Installation and Usage#

With Docker Compose#

Use the Bialet Skeleton repository or the framework repository to start Docker Compose the application.

Customizing the Application Directory#

To specify a custom directory for the Bialet project, set the BIALET_DIR environment variable:

BIALET_DIR=/path/to/app docker compose up

Changing the Default Port#

The default application port is 7000. To use a different port, set the BIALET_PORT environment variable:

BIALET_PORT=7001 docker compose up

Building from Source#

To build Bialet from source, you’ll need to install certain dependencies and run the build process.

Dependencies#

Debian/Ubuntu#

sudo apt install -y libsqlite3-dev libssl-dev libcurl4-openssl-dev

MacOS#

brew install sqlite3 openssl curl

Windows#

  • libcrypto-3-x64.dll

  • libsqlite3-0.dll

  • libssl-3-x64.dll

Building the Project#

After installing the dependencies, compile the project:

make clean && make

To install the built application, run:

make install

Syntax Highlighting#

You have available the plugin for Vim/Neovim.

Plug 'bialet/bialet.vim'

We are still working on supporting VSCode and other IDEs.

Using the Bialet CLI#

The Bialet CLI allows you to interact with the application directly from the command line.

Basic Usage#

To start the application, simply run:

bialet

By default, the application runs in the current directory.

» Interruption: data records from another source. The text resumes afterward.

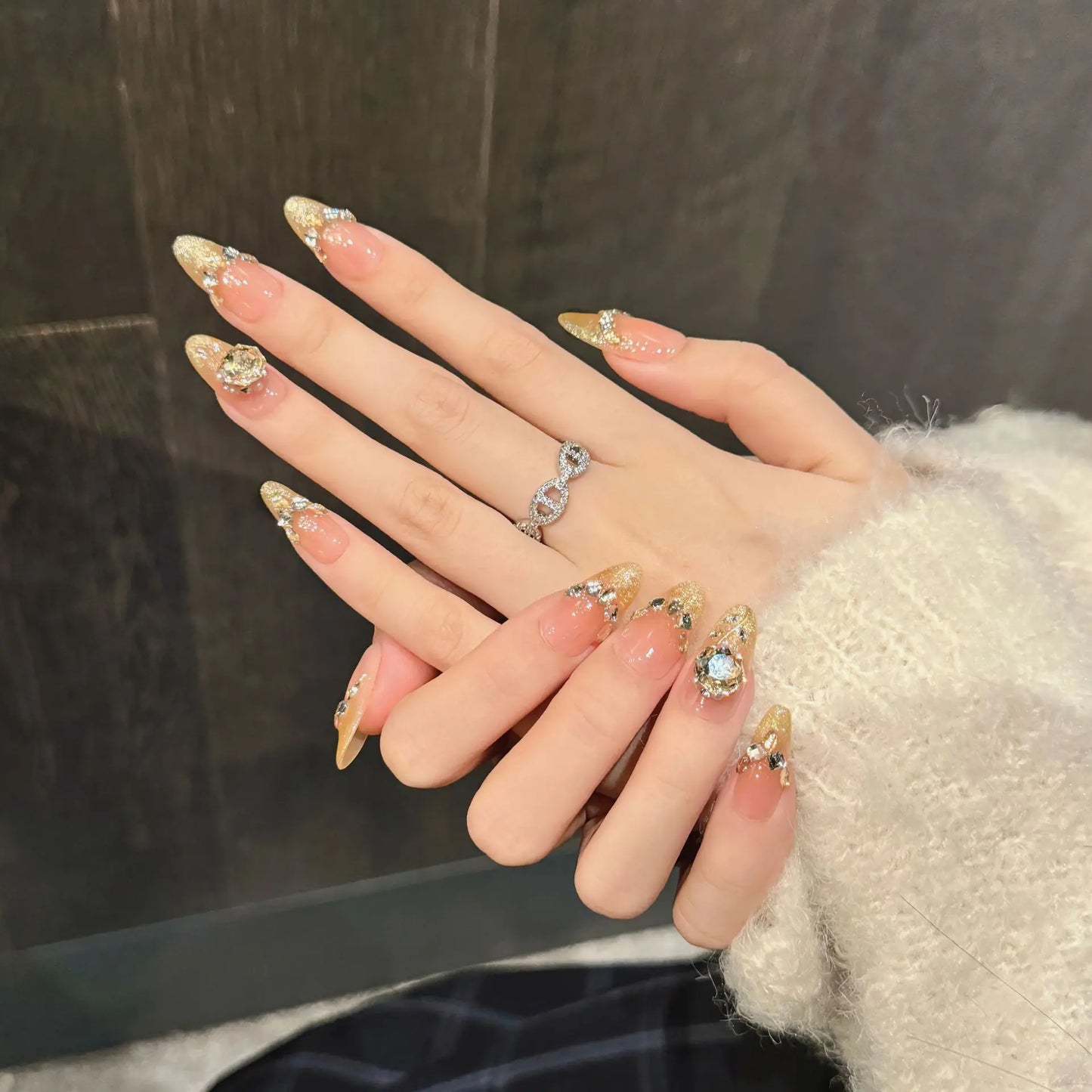Handmade Press on Nails Shiny Blue Cat Eye French False Nail Tips Wearable Glitter Wedding Nail Art Long Oval Head Fake Nails Peaceful Pleasures Health and Wellness
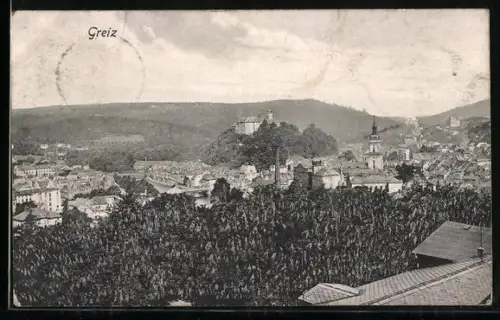 AK Greiz, Ortsansicht aus der Vogelschau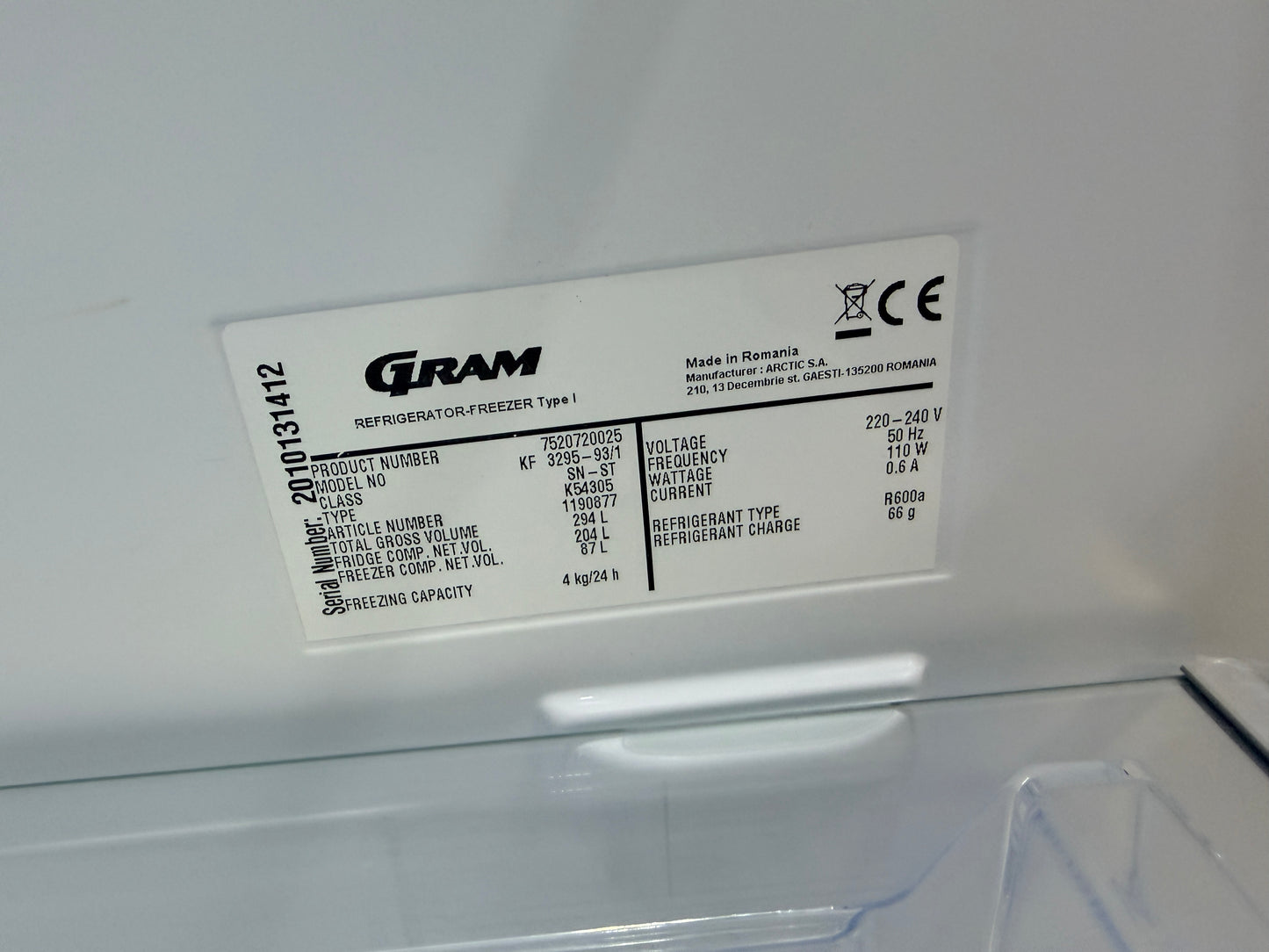 Gram kombi kylskÄp (55 cm bred)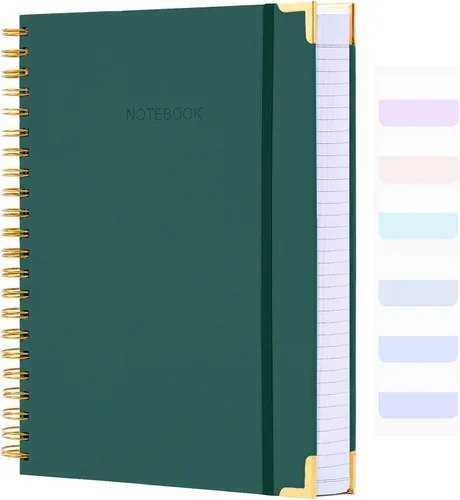 Miniatura 15 de Cuaderno de espiral, diario de cuero de tapa dura para mujeres y hombres, cuadernos gruesos de 300 páginas con rayas universitarias para el trabajo
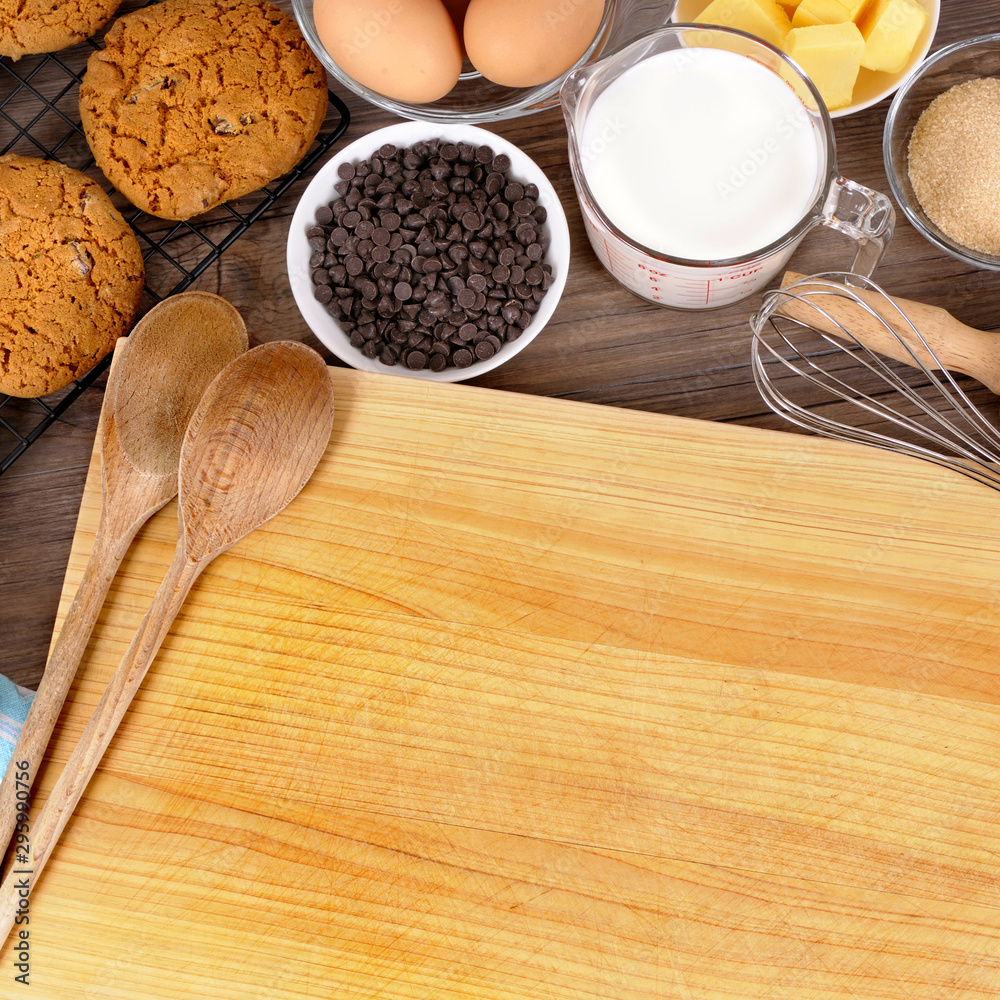Chocolate chip cookies with ingredients Chocolate chip cookies with ingredients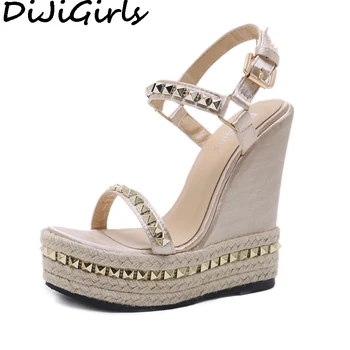 DiJiGirls 2018 Women Ultra Very High Heels Bohemian Gladiator Sandals Straw Rope Hemp Rivets Shoes Wedge Platform Wave Shoes
DiJiGirls 2018 Women Ultra Very High Heels Bohemian Gladiator Sandals Straw Rope Hemp Rivets Shoes Wedge Platform Wave Shoes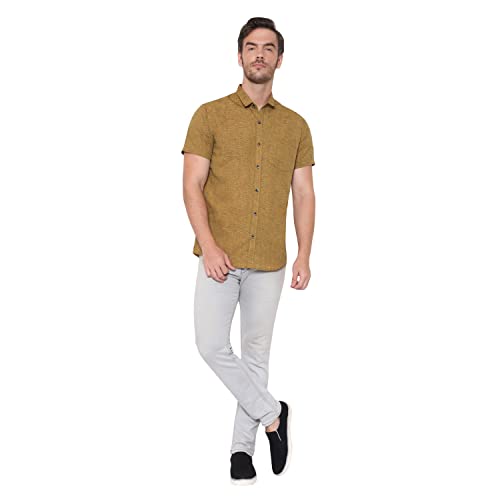 Image of LATEST CHIKAN Men's Cotton Blend Textured Half Sleeves Shirt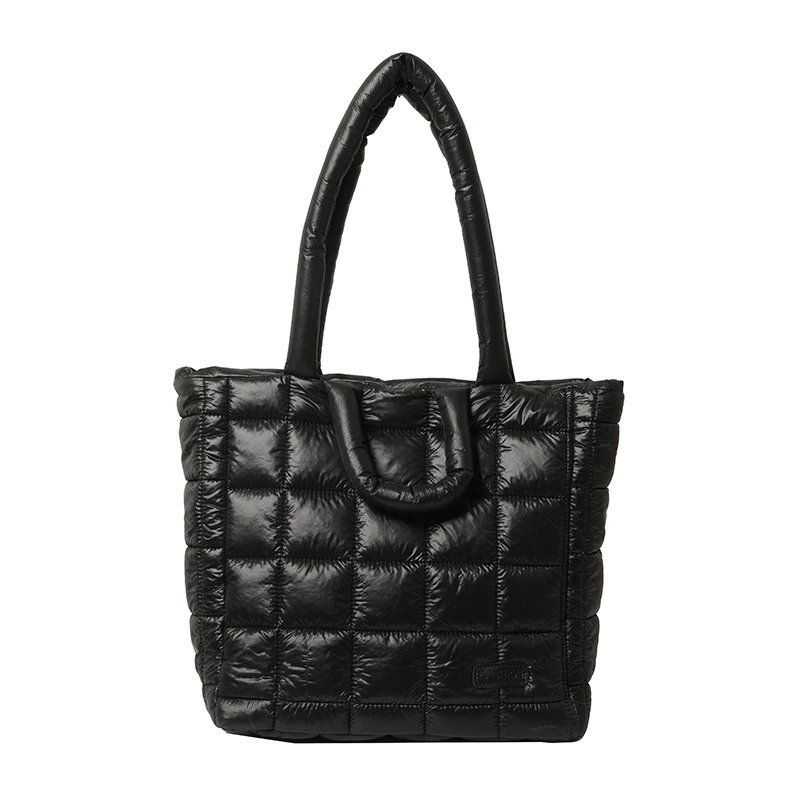 Fashionable capacious down jacket with diamond pattern, winter universal shoulder bag, one-shoulder bag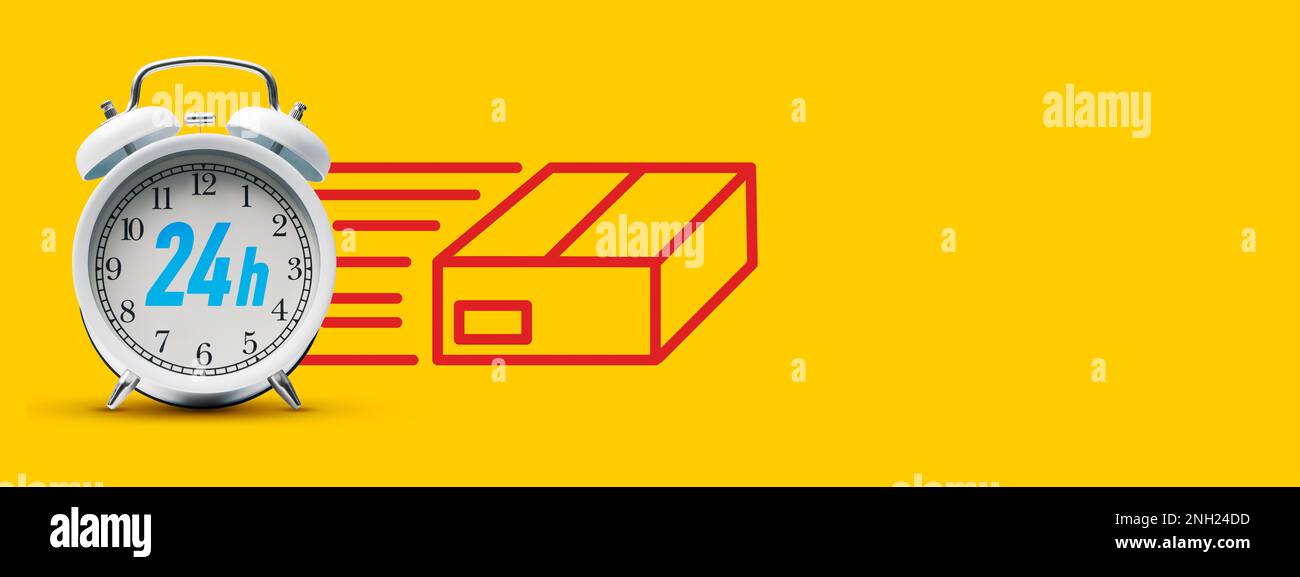 24h express delivery service banner: alarm clock and parcel icon, blank ...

Customizing Startup Options#

To change the directory where the application runs or adjust other settings, you can use various command-line arguments:

bialet -p 7000 /path/to/app

CLI Parameters#

The table below summarizes the available command-line parameters for the Bialet CLI:

Parameter

Description

Default Value

-p

Port number

7000

-h

Host name

localhost

-r

Run the code passed as argument

None

-l

Log file location

stdout

-d

SQLite database file location

_db.sqlite

-i

Ignored files, comma separated list of glob expressions

README*, LICENSE* , *.json, *.yml, *.yaml

-m

Memory limit (MB)

50

-M

Hard memory limit (MB)

100

-c

CPU limit (%)

15

-C

Hard CPU limit (%)

30

Run code from the Command Line#

To run code from the command line, use the -r command:

bialet -r 'System.print("Hello, World!")'

The response will be printed directly.

bialet -r 'import "bialet" for Response
Response.out("No log, plain response")'

You have to respect new lines in the code.